Do plants like to be misted?

Some indoor plants love mist, others not so much. Misting plants is a very simple and effective way to boost humidity. Because popular indoor plants hail from jungles with moist air and do well when the humidity is between 30 to 40 per cent.
But Do not mist plants with fuzzy leaves, like African violets and piggyback plants (Tolmiea) and also don’t mist plants that don’t require a lot of moisture, like succulents, dragon trees (Draceana marginata), spider plants, fiddle leaf fig (Ficus lyrata), yucca, pothos, and ponytail plant (Beaucarnea recurvata).

When is the best time to water indoor plants?

The best time to water your plants is in the morning or evening. Watering in the morning is actually preferable to evening watering as the plant gets a lot of time to dry before the sun goes down. At night, water tends to rest in the potting soil, around the roots, and on the foliage, which encourages fungal growth, rot and insects

Should you water your houseplants from top or bottom?

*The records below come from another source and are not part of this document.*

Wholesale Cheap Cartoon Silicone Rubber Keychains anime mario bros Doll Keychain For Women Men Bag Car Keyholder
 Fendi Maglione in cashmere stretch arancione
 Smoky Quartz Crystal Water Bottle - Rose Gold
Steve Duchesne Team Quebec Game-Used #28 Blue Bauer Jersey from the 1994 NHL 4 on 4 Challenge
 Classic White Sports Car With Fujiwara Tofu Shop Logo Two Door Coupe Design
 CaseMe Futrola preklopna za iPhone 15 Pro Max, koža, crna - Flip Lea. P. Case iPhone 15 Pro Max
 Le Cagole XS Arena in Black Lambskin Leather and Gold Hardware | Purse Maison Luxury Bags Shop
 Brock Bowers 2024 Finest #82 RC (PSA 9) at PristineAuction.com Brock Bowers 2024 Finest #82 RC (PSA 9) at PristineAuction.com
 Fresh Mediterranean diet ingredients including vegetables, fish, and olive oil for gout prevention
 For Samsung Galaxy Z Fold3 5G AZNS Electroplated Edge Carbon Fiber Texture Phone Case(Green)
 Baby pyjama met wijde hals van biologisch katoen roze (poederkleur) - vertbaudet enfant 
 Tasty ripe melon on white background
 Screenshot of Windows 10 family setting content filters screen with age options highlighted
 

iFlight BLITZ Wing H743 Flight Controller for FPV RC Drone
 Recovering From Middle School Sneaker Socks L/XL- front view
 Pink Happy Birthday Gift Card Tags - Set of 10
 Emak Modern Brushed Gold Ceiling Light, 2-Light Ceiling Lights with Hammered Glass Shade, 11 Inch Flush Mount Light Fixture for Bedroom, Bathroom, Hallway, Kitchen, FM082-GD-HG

The bottom watering method keeps the plant soil uniformly moist so the entire root structure gets watered, however, the bottom line to this is salt build up over time. The top watering method encourages the presence of fungus and gnats while the water can be drained out of the soil, not being able to reach the entire root structure. However, using both methods together can eliminate these problems.

What houseplants need less water

Snake plant, Ponytail palm, Aloe, Pothos, ZZ plant, Jade plant, Spider plant, Orchids. Almost all types of Cactus & Succulents are drought tolerant indoor plants. But before watering any indoor plant, check the soil with your finger, stick or moisture meter.